[Listed records]
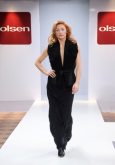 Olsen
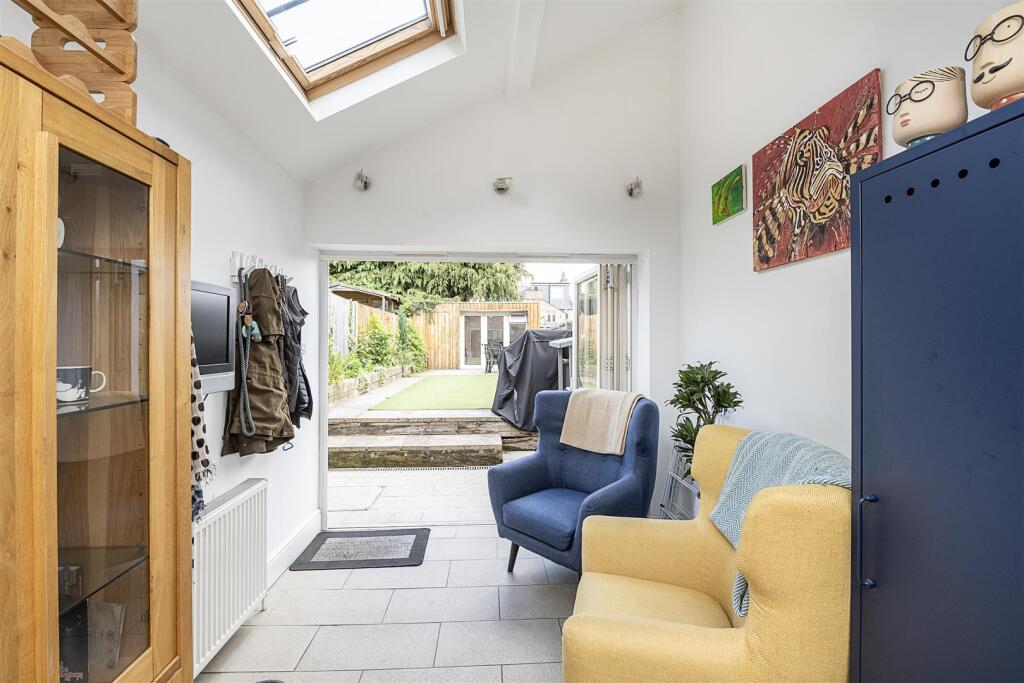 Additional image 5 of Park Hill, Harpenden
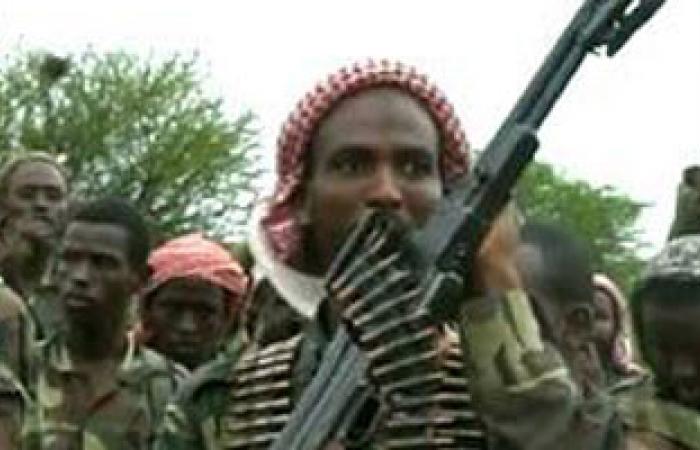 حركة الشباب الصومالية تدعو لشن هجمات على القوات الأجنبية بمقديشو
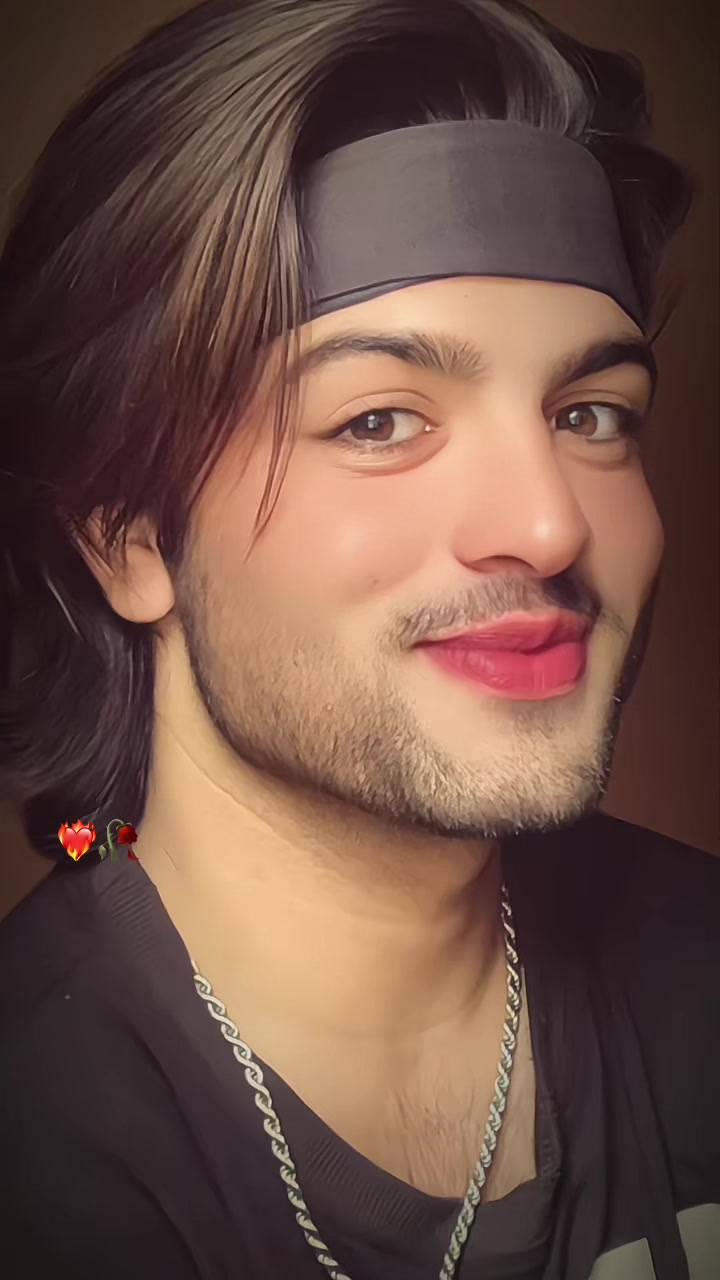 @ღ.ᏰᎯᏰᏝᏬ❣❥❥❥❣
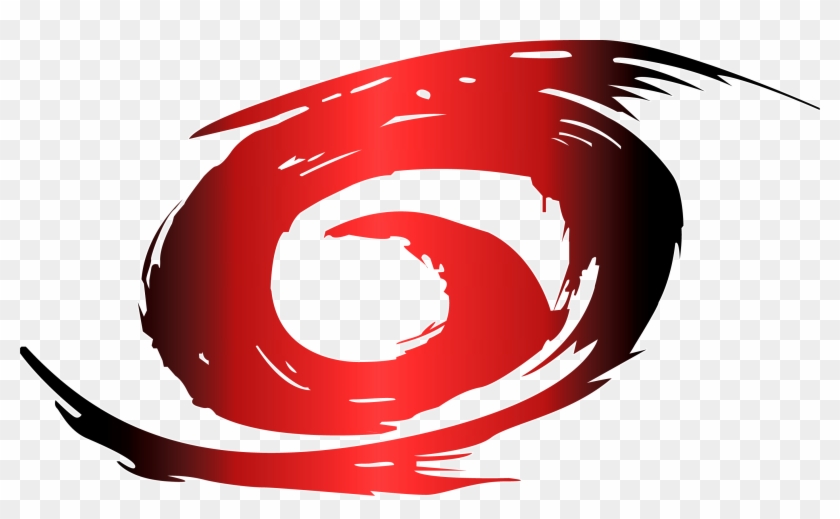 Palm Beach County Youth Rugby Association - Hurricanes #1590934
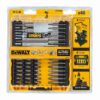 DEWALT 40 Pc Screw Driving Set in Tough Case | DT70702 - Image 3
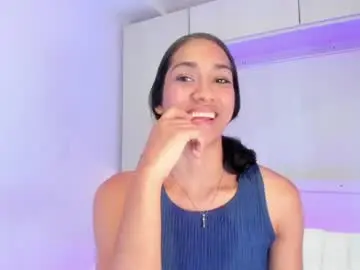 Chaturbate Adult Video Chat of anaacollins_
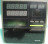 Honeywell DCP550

[Task description]
Everything in the records above should come back word for word, except the pictures.

[Answer]
 Olsen
 Additional image 5 of Park Hill, Harpenden
 حركة الشباب الصومالية تدعو لشن هجمات على القوات الأجنبية بمقديشو
 @ღ.ᏰᎯᏰᏝᏬ❣❥❥❥❣
 Palm Beach County Youth Rugby Association - Hurricanes #1590934
 DEWALT 40 Pc Screw Driving Set in Tough Case | DT70702 - Image 3
 Chaturbate Adult Video Chat of anaacollins_
 Honeywell DCP550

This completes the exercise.